This works just fine, exactly like the previous example.  But one thing that may or may not immediately be obvious is every call to this function without an explicit parameter will share the same list.  Python is smart enough not to re-parse the default parameters ever time the function is called, meaning that only one empty list is ever created in defining or using func().  Usually this has no effect on the programmer - if your default values are primitive or immutable types, which the vast majority of default values likely are, there is no loss to the function sharing the value between different calls - it won't be changed.  And even when mutable types are used, it's rare to gain any benefit from changing a mutable data structure the rest of the program cannot access, and as such most cases of mutable types as default parameters are used simply for accessing, not mutating, the data.

But one example where that is not the case is in a constructor.  Consider:

class BlogPost:
    def __init__(comments=[]):

When constructing a BlogPost object, I don't want to take the time to explicitly tell it there are no comments, so I would usually not even bother populating that parameter. On its own, this isn't enough to get me into trouble. Neither is creating multiple BlogPosts, nor is accessing, changing, or otherwise working with a BlogPost dangerous. And so you could go quite some time developing before you find yourself in a situation where you have constructed multiple BlogPost objects and where you update the comments array of one of them. As soon as you do that, however, all other existing BlogPost objects will also have the same comment in their comments list, because it's actually the same list!

Once you think about it this behavior is not terribly shocking - you might even go so far as to say it's intuitive.
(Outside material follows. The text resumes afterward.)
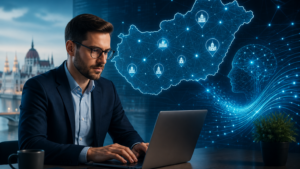 AI domain relevancia Magyarország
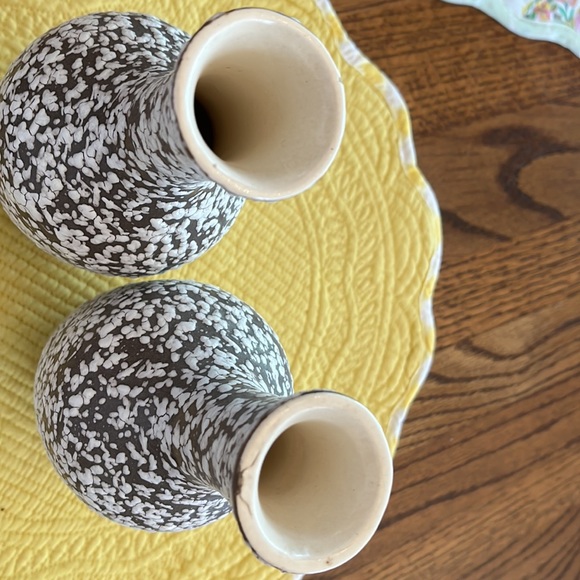 Royal Haeger USA Spatterware vase - Picture 7 of 8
However if you aren't thinking about it, it's a very bizarre problem to debug when it happens to you.

Command Line Processing

When running programs from the command line, they are able to take a list of string arguments (the String[] args in Java's main method, for example) to control how they work.  The only way to tell these arguments apart, however, is to look at their position in the list.  This works for some programs, but breaks down quickly for complex tasks.  Easy examples can be found in any standard command line programs.  How would you use a command like grep to search through files and then display some context around the matches.  Putting "context" as an argument wouldn't work, how would it know if "context" is a special parameter or a filename?

So the notion of options were invented.  The idea being, a special flag (traditionally - on Unix, / on Windows) is placed at the begining of an argument, and the remainder of the argument has special meaning.  -C in grep is used specially to indicate context.  Importantly, whatever argument follows -C is also not considered an argument, but the parameter to the context option (in this case, a number of lines to display is expected).
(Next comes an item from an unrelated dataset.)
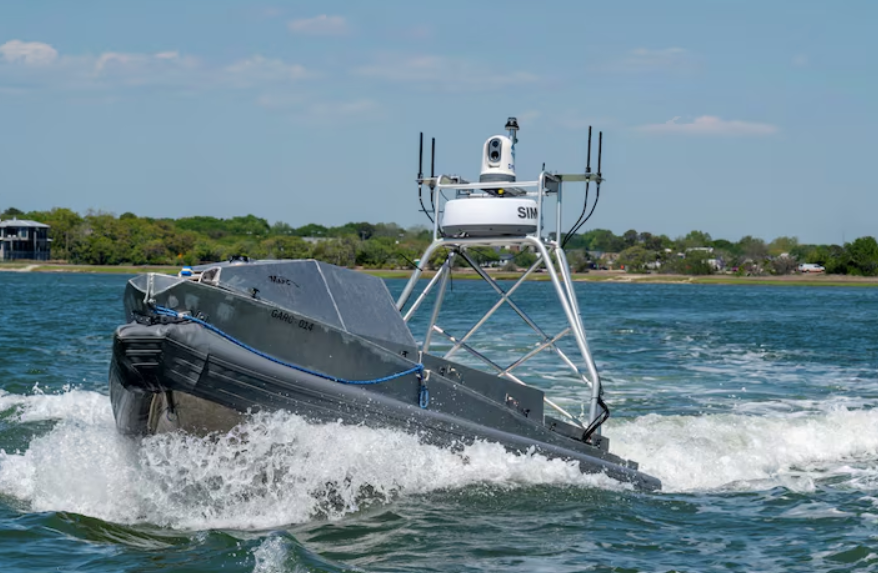 US Drone Boats Iran War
This fairly simple syntax is all that the vast majority of command line programs need to function.  It's all Mercurial needs, and it's presumably all Abundant will need also.  But there is neither any one standard way to actually structure this interface (some allow + or other symbols as flags, some allow options that optionally take arguments, some use -FLAG=ARG rather than -FLAG ARG, etc.) nor any straight forward way to implement any of these designs.  Python alone has three different libraries that all do the same thing, and they don't even provide the full range of features, so some projects still wouldn't be able to use them.

And so far we haven't even addressed how these arguments and options actually hook into executing code.  The available libraries usually work fairly well for "light" programs which do exactly one task (admittedly, this is the model Unix is built on, so this isn't completely unreasonable) such as cp, grep, or ping, however they break down very quickly with larger programs like Mercurial or Abundant, where depending on which operation you wish to do different options should or should not be allowed.  This seemingly reasonable functionality is all but completely missing from most argument processing libraries, and as such, needs to be built manually.
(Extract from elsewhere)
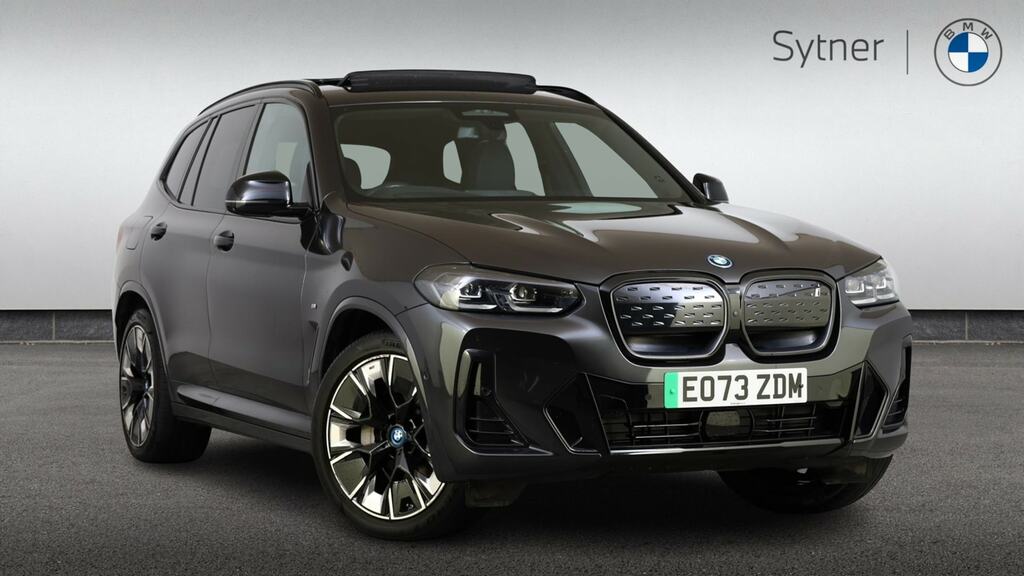 BMW iX3 210Kw M Sport Pro 80Kwh Grey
Mercurial built it's processor on top of optget, I am using the more powerful optparse for Abundant.  Besides the underlying library, the code design is fairly similar.  A function is defined for each atomic operation that can be run in Abundant.  Then a table (dictionary, hash map, whatever you want to call it) is constructed consisting of the name of the task, like init, new or edit, which maps to a data structure containing the correlating function, a list of options the command will take, and a string describing the expected structure of the command.  The program parses the input arguments, looks up the first parameter against the table, and if it finds a match, passes the remaining arguments to a parser library given the option structure described in the table, the result of parsing the input into options and arguments is then finally passed to the function to do its work.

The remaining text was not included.